I woke up when it was still dark.  I heard voices talking downstairs, which seemed like a very odd thing in our house late at night.  Our bedrooms were upstairs, reached by an enclosed staircase that had a door at the bottom.  I woke Kathy up, and the two of us snuck down the stairs to try to hear what was going on.  Of course, it wasn't the first time we had done this!  When we got to the bottom of the stairs, we pushed the door open a little.  We were so surprised to see that our grandpa and uncle were there, sitting around the dining room table, talking with our mom and dad.  This was so out of the ordinary.  

We were spotted, and our mom came and got us.  We sat on that turquoise couch, and she told us that Dawn had died.  Dawn had died?  This did not make sense.  What?

Most of what happened after that is a blur of relatives, food, friends, and tears.  

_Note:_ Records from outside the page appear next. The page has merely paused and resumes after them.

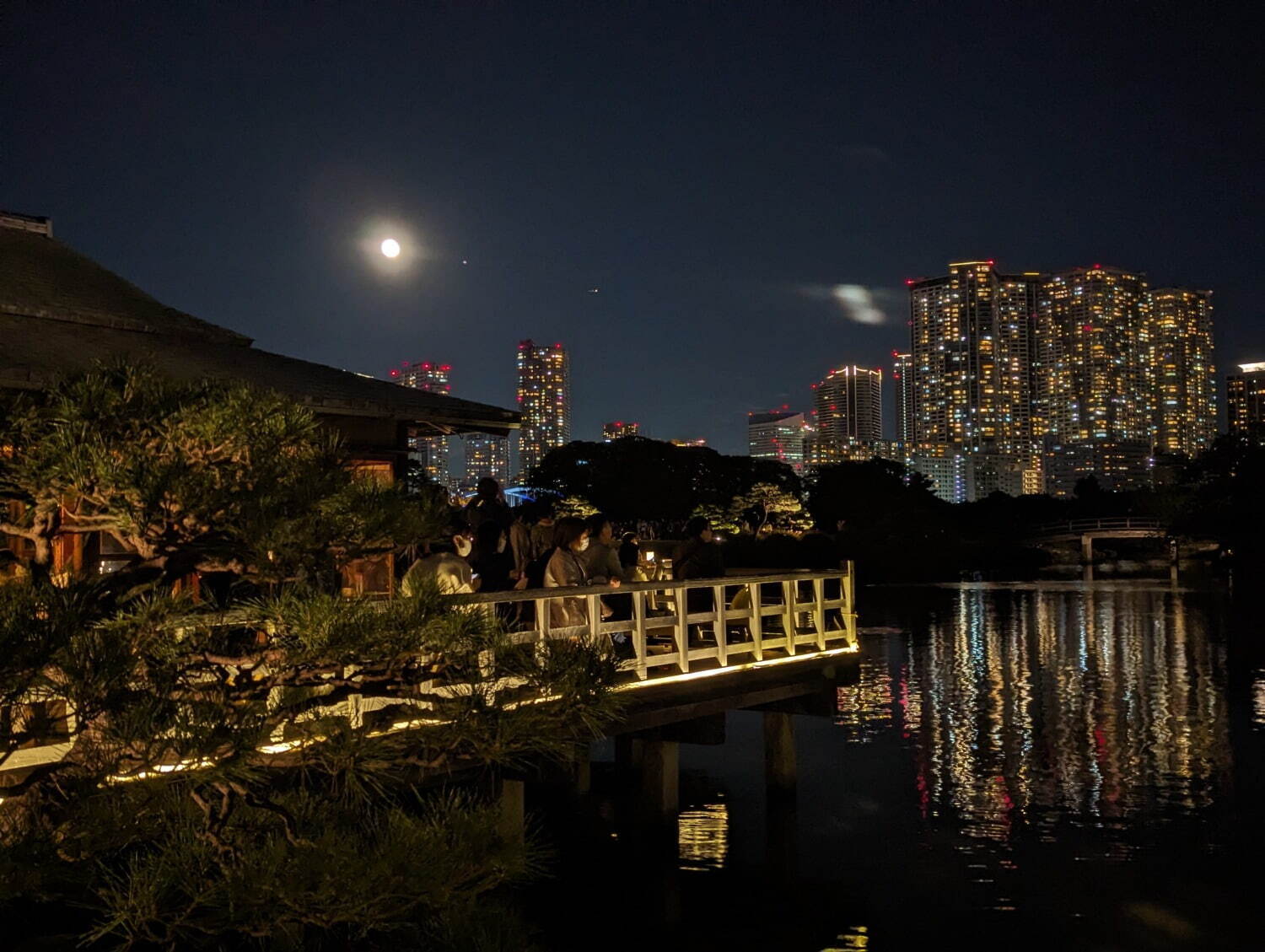 東京・浜離宮恩賜庭園で「お月見散歩」光と影の夜間ライトアップやお月見スイーツ｜写真5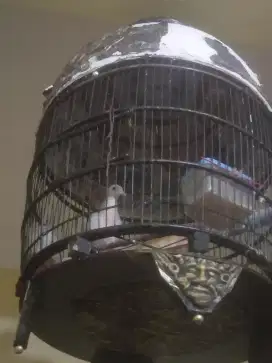 Burung perkutut sirver perak
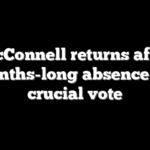 McConnell returns after months-long absence for crucial vote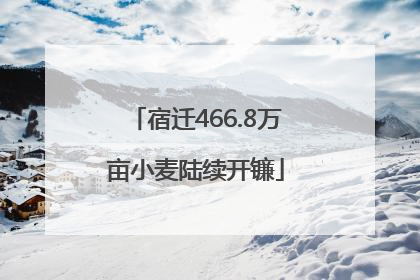 宿迁466.8万亩小麦陆续开镰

What also happened after that changed my outlook on life.  My mother would not let us wear black to Dawn's funeral.  She told us that Dawn was in heaven, she was an angel, and that was wonderful.  We should celebrate her life.  She told us that being sad was only being sad for ourselves, that we should look outside ourselves for the good.  Dawn was always a real presence in my mom's life.  She didn't talk about it a lot, but if the subject came up, our mom told us that Dawn is just always with her.  We followed my mom's coping with this tragedy in the way students follow their favorite teacher.  We noticed everything.  We noticed that her faith in God - which had always been important - became more important.  She kept a brave face, and my sister and I never felt deserted by her.  She valued us. 

Through my life these lessons have come back to me so many times.  Grief is for ourselves, and we should look outside for the joy.  Put on your brave face and deal with your problems.  Never ignore the joy that is right in front of you.